• _EXERCISE PROMPT_: Only the lines from the one with "Tank Big - Carro" through the end of the data below belong in the answer, restated word for word, pictures excluded.

• _TASK MATERIAL_:

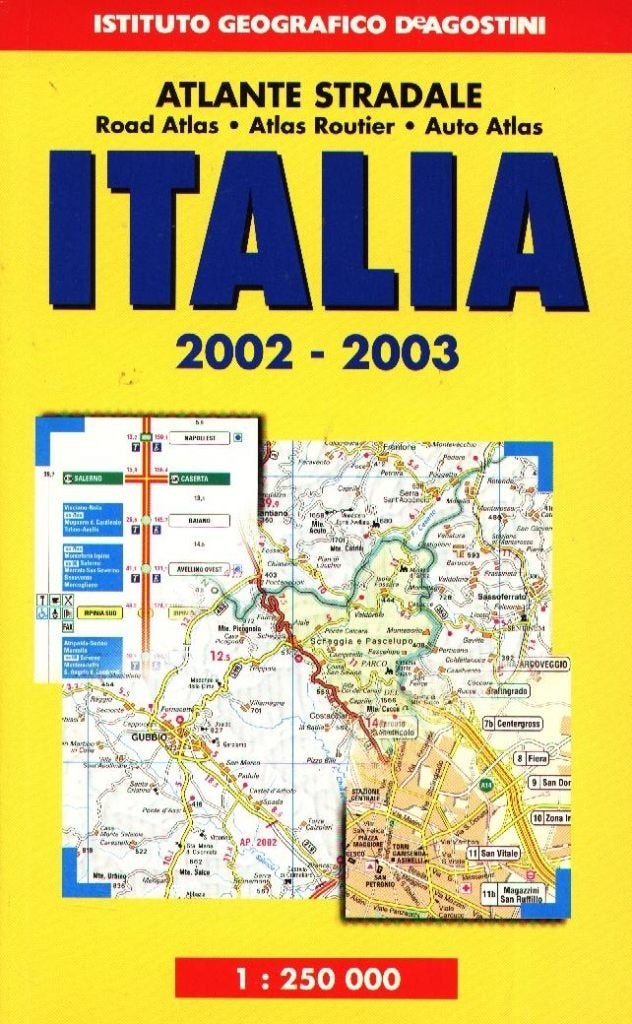 Atlante Stradale Italia - 2002 - 2003, Boeken, Gelezen, Verzenden, 2000 tot heden, Italië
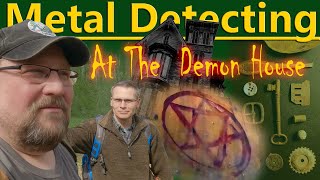 #282 Metal Detecting At The Demon House! Fantastic Relics Here!!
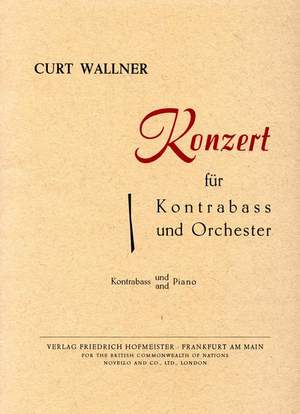 Wallner, C: Concerto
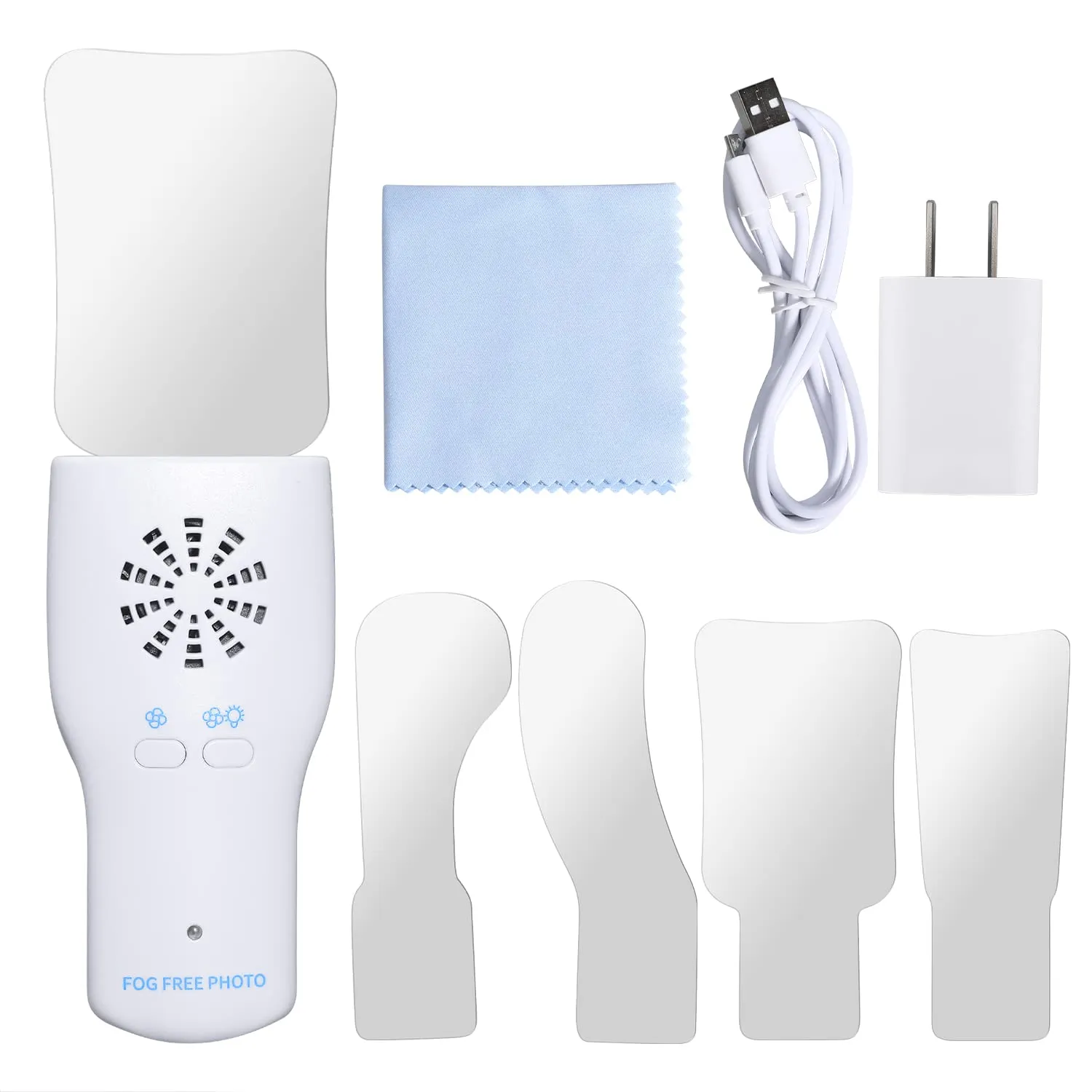 MirrorsX™ - Smart Anti-Fog Dental Mirrors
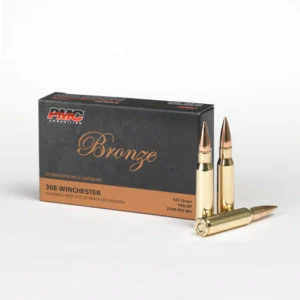 PMC Bronze .308 Win FMJ 147 gr – Range Ammo | 500 Rounds
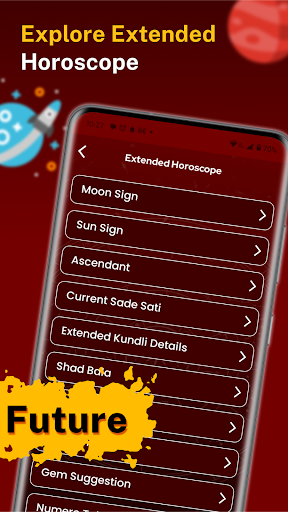 Kundli - Birth Chart Astrology ekran görüntüsü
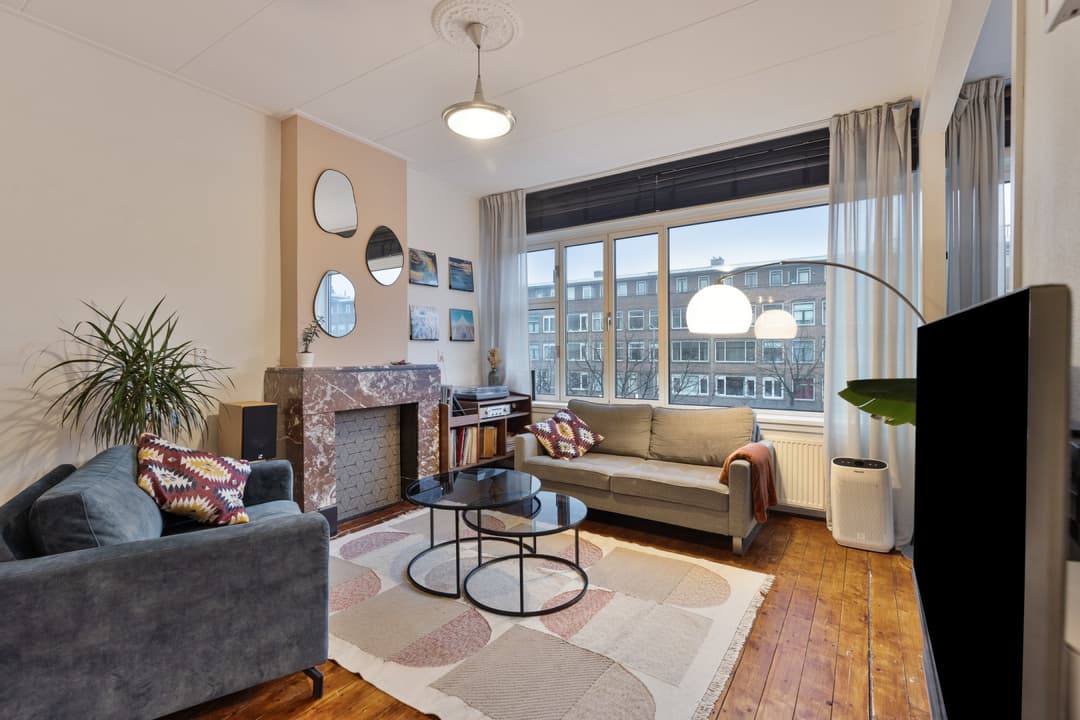 Bovenwoning Schieweg, Rotterdam - For Rent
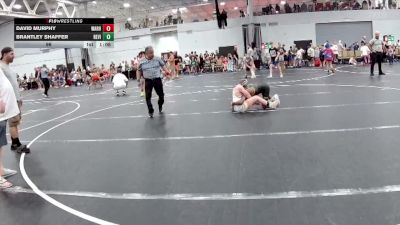 96 lbs Round 2 (8 Team) - David Murphy, Warhawks vs Brantley Shaffer, Revival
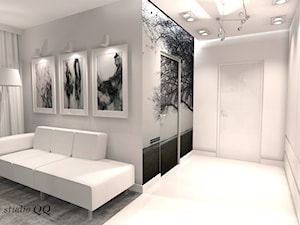 Apartament 70 m - Katowice - Salon, styl minimalistyczny - zdjęcie od Studio QQ Natalia Lenarczyk - Architekci & Projektanci wnętrz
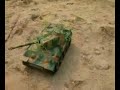 Tank Big - Carro armato pesanteMisure 81*60*61 cmScala 1:6Torretta rotante a 360* - Spara proiettili di plastica - Anche colore mimetico da deserto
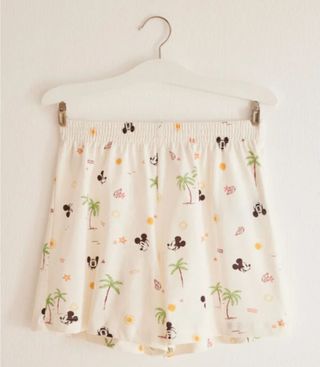 Pijama corto Mickey de Women's Secret talla XS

• _RESULT_:
 Tank Big - Carro armato pesanteMisure 81*60*61 cmScala 1:6Torretta rotante a 360* - Spara proiettili di plastica - Anche colore mimetico da deserto
 Pijama corto Mickey de Women's Secret talla XS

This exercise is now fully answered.